M&D seem to be unhappy with probabilistic models as a default assumption - and okay, that's fine. But it does seem important to recognize that probabilistic reasoning is a legitimate option. And maybe some of cognition is probabilistic and some isn't - I don't think there's a compelling reason to believe that cognition has to be all one or all the other. (I mean, after all, cognition is made up of a lot of different things.) In this vein, I think a reasonable thing that M&D would like is for us to not just toss out non-probabilistic options that work really well solely because they're non-probabilistic.

On a related note, I very much agree with one of the last things M&D note, which is that we should be explicit about "what would constitute evidence that a probabilistic approach is not appropriate for a particular task or domain".  I'm not sure myself what that evidence would look like, since even categorical behavior can be simulated by a probabilistic model that just thresholds. Maybe if it's more "economical" (however we define that) to not have a probabilistic model, and there exists a non-probabilistic model that accomplishes the same thing?

A few comments about Jones & Love 2011 [J&L]:

J&L seem very concerned with the recent focus in the Bayesian modeling world on existence proofs for various aspects of cognition.  They do mention later in their article (around section 6, I think), that existence proofs are a useful starting point, however -- they just don't want research to stop there.
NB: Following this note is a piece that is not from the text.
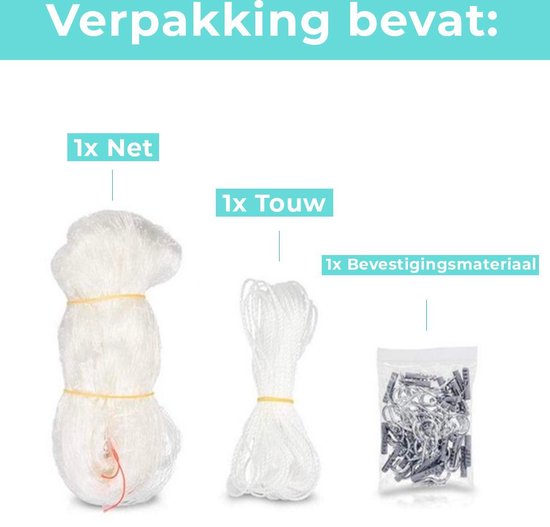 NK Vogelnet Voor Volière PE 1,2mm Draaddikte / 60mm Maaswijdte Afmeting 16 97m X 101 90m Zwart NK Vogelnet Voor Volière PE 1,2mm Draaddikte / 60mm Maaswijdte Afmeting 16 97m X 101 90m Zwart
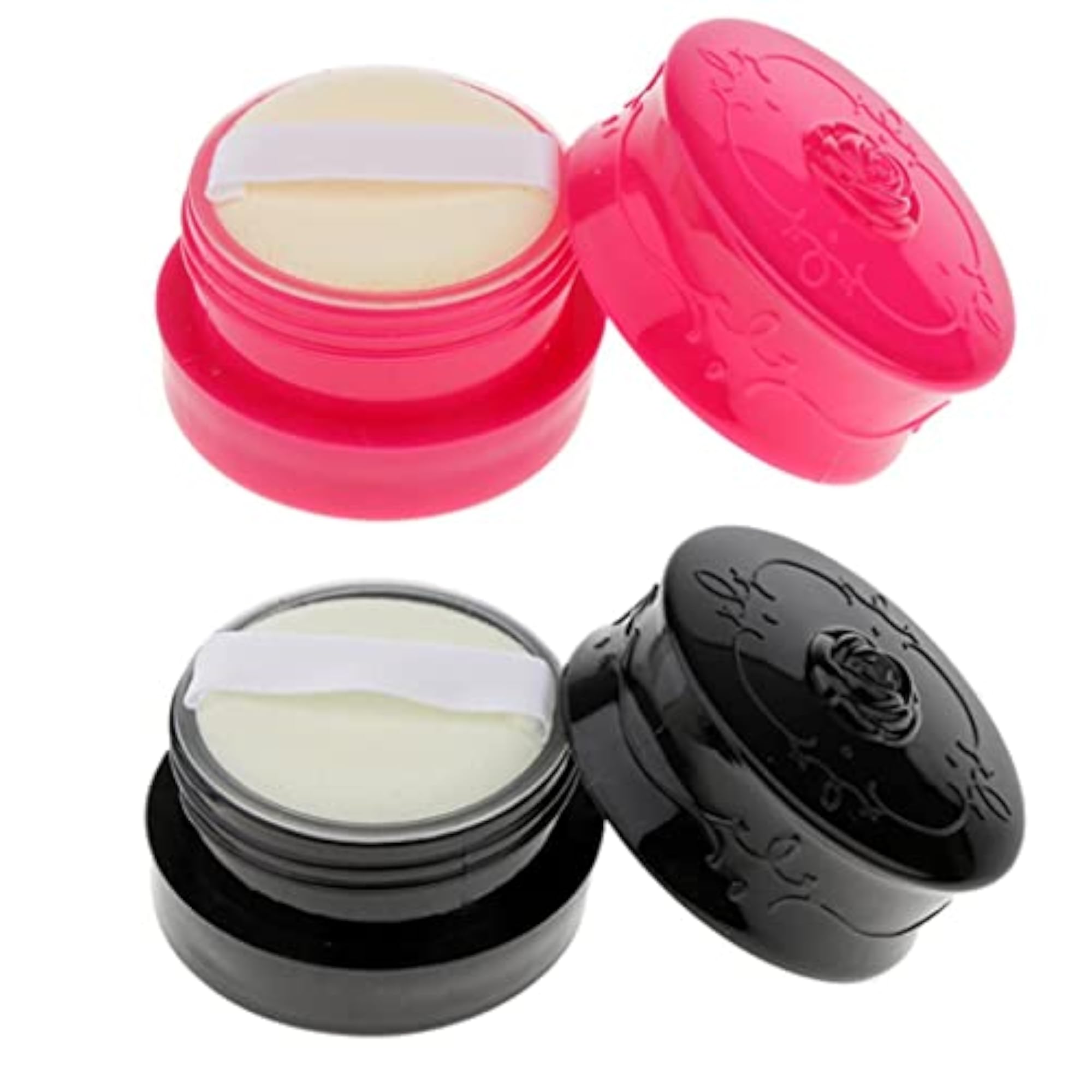Travel Empty Makeup Loose Powder Container with Puff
An existence proof that a Bayesian learning strategy can work for some problem should be the first step for getting a particular theory on the table as a real possibility worth considering (e.g., whatever's in the priors for that particular learning strategy that allowed Bayesian inference to succeed, as well as the Bayesian inference process itself).

Overall, J&L seem to make a pretty strong call for process models (i.e., algorithmic-level models, instead of just computational-level models). Again, this seems like a natural follow-up once you have a computational-level model you're happy with.  So the main point is simply not to rest on your Bayesian inference laurels once you have your existence proof at the computational level for some problem in cognition.  The Chater et al. 2011 commentary to J&L note that many Bayesian modelers are moving in this direction already, creating "rational process" models.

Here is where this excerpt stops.